# Cobra vs. Pandas: The Power of Kernel Fusion

This notebook provides a simple, visual demonstration of the massive performance advantage of Cobra's JIT-compiled kernel fusion engine compared to a standard pandas/NumPy workflow.

In [None]:
import numpy as np
import pandas as pd
import cobra
import time

## 1. The Data Processing Pipeline

We will define a simple, multi-step data transformation pipeline.

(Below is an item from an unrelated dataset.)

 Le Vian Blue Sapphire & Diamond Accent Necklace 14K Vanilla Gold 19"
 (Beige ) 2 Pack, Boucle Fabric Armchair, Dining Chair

Notice the logic is identical for both versions.

In [None]:
def pipeline(df):
    # A series of common data science operations
    df['col_c'] = df['col_a'] + 10.0
    df['col_d'] = df['col_b'] * 2.5
    df['col_e'] = df['col_c'] / df['col_d']
    return df

## 2. Setup

Let's create a large dataset and prepare both a pandas DataFrame and a CobraFrame.

In [None]:
size = 20_000_000

# Pandas DataFrame
df_pandas = pd.DataFrame({
    'col_a': np.random.uniform(1, 10, size),
    'col_b': np.random.uniform(1, 10, size),
})

# CobraFrame
cf_cobra = cobra.CobraFrame(df_pandas.to_dict('list'))

## 3. Benchmarking

### Pandas/NumPy Execution
This creates at least 3 large intermediate copies of the data in memory.

In [None]:
start = time.perf_counter()
result_pandas = pipeline(df_pandas.copy())
duration_pandas = (time.perf_counter() - start) * 1000
print(f"Pandas execution time: {duration_pandas:.2f} ms")

### Cobra JIT Execution
The `@cobra.jit` decorator compiles the entire pipeline into a single kernel, eliminating all intermediate memory copies.

In [None]:
@cobra.jit
def pipeline_jit(df):
    # The exact same logic
    df['col_c'] = df['col_a'] + 10.0
    df['col_d'] = df['col_b'] * 2.5
    df['col_e'] = df['col_c'] / df['col_d']
    return df

# Use the profiler to capture and display the results
with cobra.profile() as p:
    # First run is for JIT compilation
    pipeline_jit(cf_cobra)

start = time.perf_counter()
result_cobra = pipeline_jit(cf_cobra)
duration_cobra = (time.perf_counter() - start) * 1000
print(f"Cobra JIT execution time: {duration_cobra:.2f} ms")

print("\n--- Profiler Report for Cobra Execution ---")
p.print_report()

## 4. Results

In [None]:
speedup = duration_pandas / duration_cobra
print(f"Speedup Factor: {speedup:.2f}x")